If my description is correct
How long the burst last?
How many wavelenghts it contains?
I know the photon energy is determined by the frequency but there are different solutions.
Is the energy determined by the length of duration, or by the amplitude of the EM field?
What is the order of magnitude of the EM field amplitude?
The behavior of the EM field in a wave is described by Maxwell's equations from classical physics; photons aren't involved and introducing them only adds confusion. The length of a burst of EM radiation, the frequencies in it, and the amplitude of the EM field all depend on the source that's generating the wave.
 
  • #3
You have asked "that question" that causes people most trouble when they want photons to be 'familiar' objects. Photons are not like that. They are Quantum Particles and not little bullets (or even long ones). They have no Extent and you could say they only exist whilst they are interacting at each end. The Energy is carried by a wave. You just can't think classically; you don't need to. The 'length of time' i think has to depend on which particular system they interact with - like the bandwidth and rise times of a conventional receiver. But that's much too classical really.
And welcome to p f btw.
 
  • #4
Thanks for your answers
I wrote "I understand an EM wave is not like the carrier of..." Sorry but that is not what I meant to write and confused people.
I wanted to write Photon instead of EM Wave.
If an atom emit a photon something must be able to be said about.
Is a Photon a EM wave? We talk about wave length and frequency. Can we say a Photon has a polarization? Does it interact instantly or take a finite time to that?
 
  • #5
What quantity is used to characterize a photon?
 
  • #6
George Jones said:
What quantity is used to characterize a photon?
Energy and frequency or are you implying there are no characteristics ascribed to it, other than speed?
 
  • #7
Is energy related to (spatial) momentum?
 
  • #8
I understand you think you are posting stimulating questions but you are not helping. If I posted a inappropriate question, like what gender are angels, then stir me in a direction that leads to better understanding.
 
  • #9
If you're trying to ask what a photon is, you could give this thread a try: https://www.physicsforums.com/threads/what-is-a-photon.879128/#post-5522356

And yes... "How long is a photon?" is indeed like asking about the gender of angels.

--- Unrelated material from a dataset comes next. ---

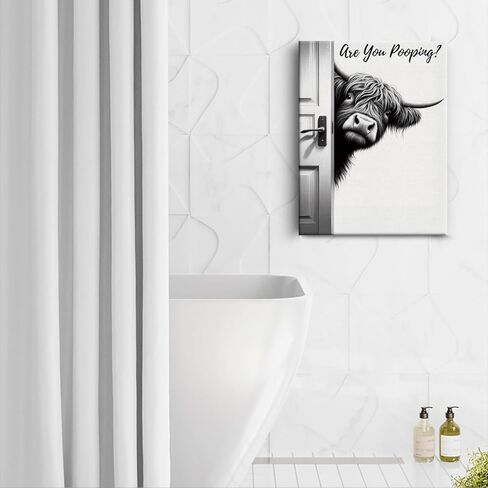 Xiolcxdr Highland Cow Bathroom Decor Sign Funny Bathroom Wall Art With Are You Pooping Cow Sign 12x15 Inch Farmhouse Decor For Western & Highland Cow Lovers in Kuwait
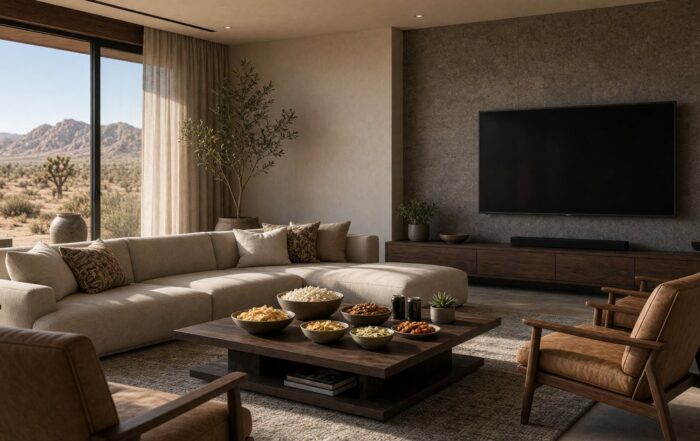 Living room ready for kickoff | Hot Party Stripper Scottsdale living room set for a weekend watch party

Often when people first hear that photons are "particles" they form a mental model that light is made up of photons the way a flowing river is made up of water molecules, that there's a stream of photons moving from the light source to whatever is illuminated by that light. That mental model feels natural, but it's hopelessly misleading. A better (but still imperfect - there's no substitute for a proper quantum electrodynamics textbook) model says that photons appear when electromagnetic radiation interacts with matter.

Feynman's "QED: The strange theory of light and matter" is the only layman-friendly equation-free description of QED that I know of. A key point in Feynman's treatment is the that the theory is not about photons moving through space from one point to another, but about the probability of a photon being detected (that is, it delivers a quantum of energy to something) at a given point in space.
 
Last edited:
  • #10
George Jones said:
Is energy related to (spatial) momentum?
Yes, for a photon in vacuum, E = cp
Photons also have angular momentum.
 
  • #11
Nugatory said:
If you're trying to ask what a photon is, you could give this thread a try: https://www.physicsforums.com/threads/what-is-a-photon.879128/#post-5522356

And yes... "How long is a photon?" is indeed like asking about the gender of angels.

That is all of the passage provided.